More Tools of the Trade

So the other day you met Alphonse.  He’s quite dapper, and makes a perfect house guest. Today I’m showing off some truly funky sock blockers.

Now you know we’ve got some big feet in this house.  I wear a ladies’ size 11, and The Boy wears a men’s size 13.  These are big feet.  I decline to feel bad about this, as the size of a person’s feet is more or less out of their control.  The only thing I felt bad about was the difficulty in vigorously blocking socks in these sizes.  I had a pair of wire blockers in what they called extra large.  They more or less worked for most of my socks, but they didn’t really make much of a dent in The Boy’s socks.  Enter these guys:

My parents found them at an antique store, so alas I can’t tell you where to find your own.  They are labeled with the number 11.  I have no idea how, or even if, this correlates with a current shoe size.  They are just a bit big for my socks and the perfect size for The Boy’s.  I’m completely taken with the pointy toes.

And yes, in case you’re wondering, this parade of tools is a way of hiding that my knitting isn’t terribly earth shattering at the moment.  The louche socks are taller.  The secret socks are taller.  The pile of swatches for cough book two cough is growing.  With any luck at all, the pattern for truckle should be out early next week.

Have any of you guys used ‘antique’ knitting tools or put non-knitting supplies to work for you on the dark woolly side?

Take Two

The green mitt from the other day was destined for a rip.  It was just a wee bit too baggy, and I wanted the lace a the cuff to be a bit deeper.  I went down a needle size, which snugged the mitt up just enough.  I also added one more lace row to the cuff, which worked much better with the cowl.  I’m pleased to report that I didn’t repeat the blocking mistakes I made on the cowl.  I knew that the secret to maintaining the all important curled edge was to put the pins a few rows in, not all the way on the edge.  I sort of hate pins though, so I improvised using my mitt blockers and some little dpns.  A few small spring clamps from the hardware store completed the process.  It looked a bit silly, but worked perfectly.
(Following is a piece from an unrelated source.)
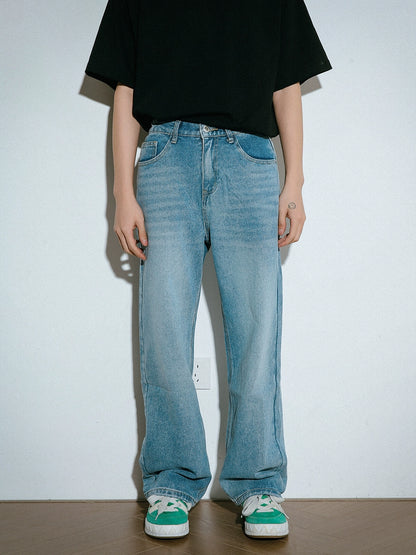 Washed Straight-Leg Denim Jeans WN9579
The mitts and the cowl are up for testing on ravelry now, if anyone is interested.

Remember, today is the last day to enter to win the Dream in Color Everlasting yarn.  Just go back to the February 5 post for details.

Knit Along Patterns

The official thread for the February knit along is up on Ravelry.  The individual patterns for these two socks are also now available on Ravelry, in case you prefer to get the patterns one by one.  Some time between now and the start of February, Shannon and I will come up with official rules and post them in the group.  For now, the general idea is: cast on after it gets to be February, finish a pair by the end of March, be entered to win prizes.  Use whatever yarn you like, use whatever color you like, make whichever sock you like, make whatever changes you need for fit.  Something more official will be coming soon, but we’re not going to go crazy with rules!
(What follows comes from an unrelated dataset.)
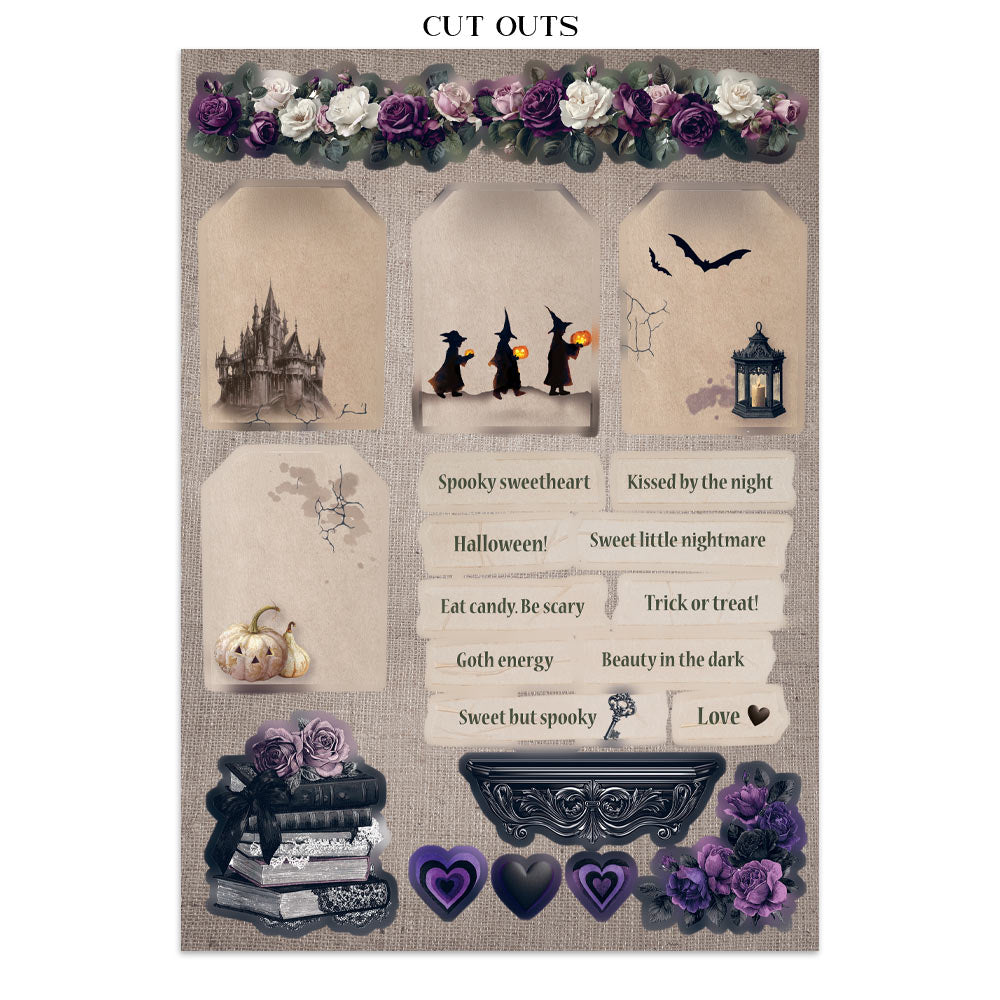Printed Art Junk Journal: Stickers, Cut-Outs, Backgrounds For Art And Craft - Halloween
Oh, and because I know someone will ask, the sock blockers are from The Loopy Ewe and they are made of awesome!

Snippets

I had a really annoying amount of yarn left when I finished the Rochester hat.  It was too much to just toss in the scraps basket (used to be a jar, then it was a vase, now it’s moved onto large basket status…something may soon have to be done about that), but it wasn’t nearly enough for another hat.  I didn’t have another skein (it’s Aslan Trends Bariloche in Tango Reds).  I had added it to a Webs order to bring my total up to the magical free shipping/nice shiny discount level.  It was purchased on a whim, and I didn’t want more enough to make a special order just for it.  My local yarn store didn’t have any on hand.
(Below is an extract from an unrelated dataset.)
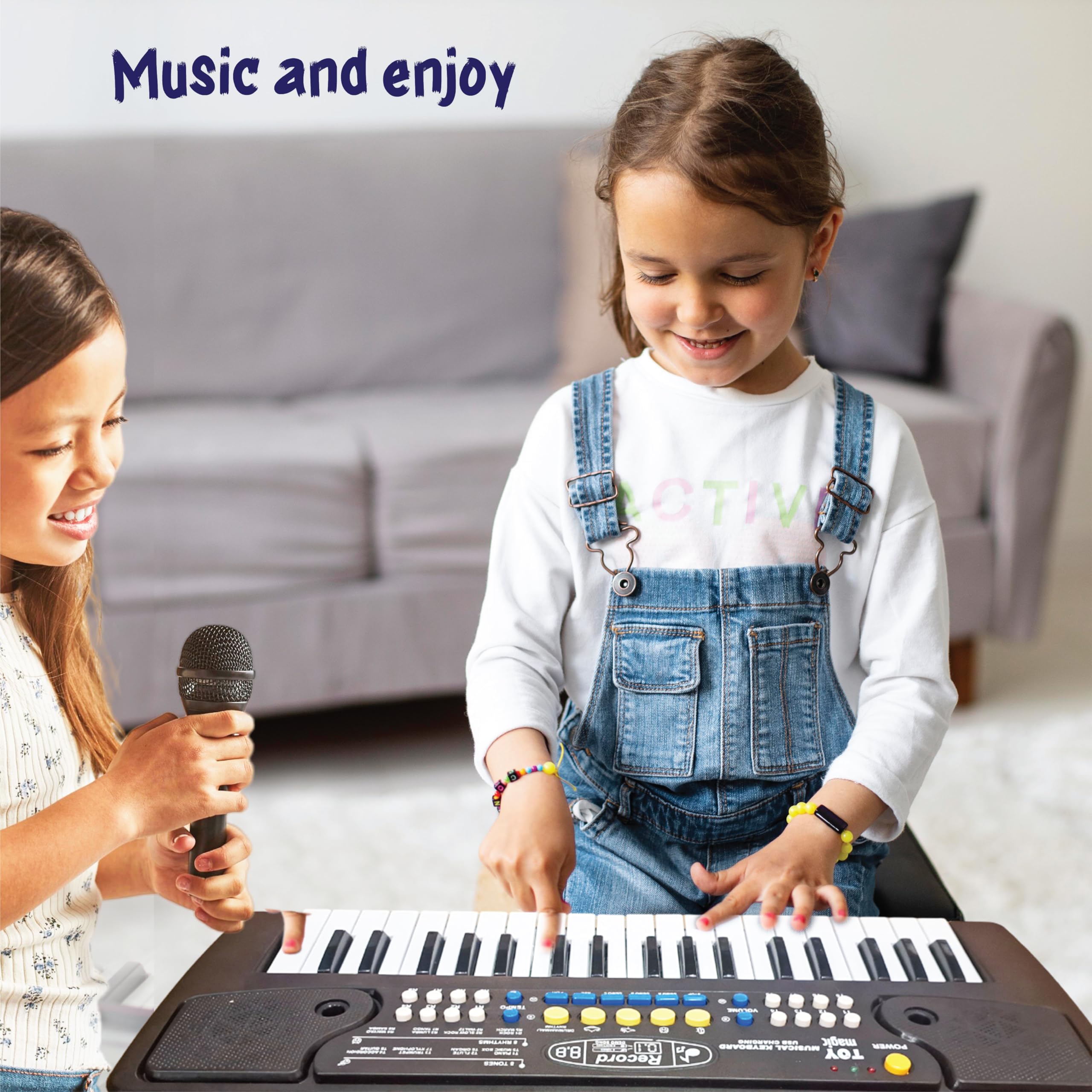 ToyMagic Kids Keyboard with 37 Keys & Microphone|Electronic Piano for Beginners|Portable Rechargable Keyboard Piano|USB Charging|48 x 17Cm Black Color|Best Gift for 3+ Years|Made in India 4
I decided to just wing it.  What I really wanted was wrist warmers, but I knew whatever I made would have to be small.  I have an unreasonable fondness for wrist warmers.  They actually seem to keep me warmer (no idea how, as they’re just little scraps of fabric, but they do).  I divided the yarn in half.  A moment’s work with the scale and calculator suggested that I had about 30 yards for each one.  I know that my head is about 3 times as big around as my wrist, so I cast on 1/3 as many stitches as I used for the hat, and went to town.  An hour later I had a tiny but unreasonably amusing little wrist warmer. It’s only about 4 inches high, but I’m completely smitten.  The little leaf leaning off toward my thumb fills me with glee.  I had all of a yard of yarn left when I was done, which is also marvelously satisfying.  I’ll likely be making the other tonight.  It might be the best thing thing I’ve ever done with 30 yards of yarn.

And you may note I took the lazy (or is that cold) way out when it came time for this photo.  I tried going outside, but quickly decided that was a terrible mistake.  Instead I opened the window and leaned way out.  It’s a compromise between getting decent light and not getting frostbite.  And because someone will likely ask, the mitt is on the marvelous blocker made by the multi-talented Lizzy.  If you make mitts or mittens you owe it to yourself to get a set.  They’re as useful as they are lovely.